At first, Valia could not find the white circle of delight. Her fat feet refused to obey the impulse of her eagerly musical soul. But with the days she found poise and grace and erectness and the crooked limbs began to straighten themselves.

She sat, for hours at a time, in a patch of sunlight on the floor, using her incompetent little fingers in some of the practical exercises of everyday living. The directress gave her a stout wooden frame, to which were fastened two soft pieces of gay woolen stuff, one of which was pierced with buttonholes and the other having large bone buttons. Valia worked all one morning before she was able to fit each button in its corresponding buttonhole, but when she did accomplish this, the triumph was a bit of wonder-working in Valia’s control of herself. It started her on the road to physical freedom.

An important physical exercise of Montessori.

Happy in her new accomplishment, she mastered all the other dressing frames; the soft linen with pearl buttons that was like her underlinen, the leather through which one thrust shoe buttons with one’s own button hook, or laced from one eyelet to another, the lacing on cloth like her mother’s Sunday bodice of green velvet, the frames of linen with large and small hooks and eyes, the frame upon which were broad strands of bright-colored ribbon to be tied in a row of smart little bows.

Daily, simple physical exercises such as these; hand and eye co-ordination, exercises in poise, stretching, rest for the limbs and freedom for the spine and torso slowly transformed Valia from a lump of disorganized, putty-like flesh to an erect, graceful, self-controlled little woman.

“What have you done to my Valia?” asked the mother as she waited at the school door for her little one a few months later. “She dresses the young bambino at home and buttons her own shoes. She no longer stumbles all day long but stands well on her feet. She helps me to lay the evening meal and carries a dish of soup, full, to the place of her father. I do not understand it. Did you punish her for climbing and being clumsy?”

“No.” The directress of the Children’s House lays a kind hand on Valia’s curly head as she explains. “We did not punish Valia. We gave her a fence upon which to climb and we let her tumble about on the floor when she was tired, and we helped her to find her feet and her fingers.”

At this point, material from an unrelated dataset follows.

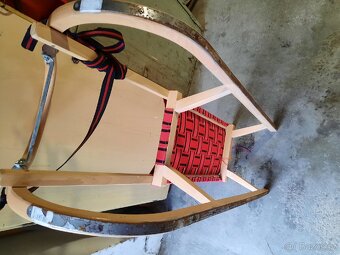 Dřevěné sáně pro 2-3 osoby - 5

Dr. Montessori tells us that there is a little Valia in every home. The child from one to three and four years of age is in need of definite physical exercises that will tend to the normal development of physiological movements. We ordinarily give the little child’s body slight thought. Then, in the schools, we gather older children into large classes, and by a series of collective gymnastics in which the commands of the teacher check all spontaneity, we try to secure poise and self-control and grace for the child body.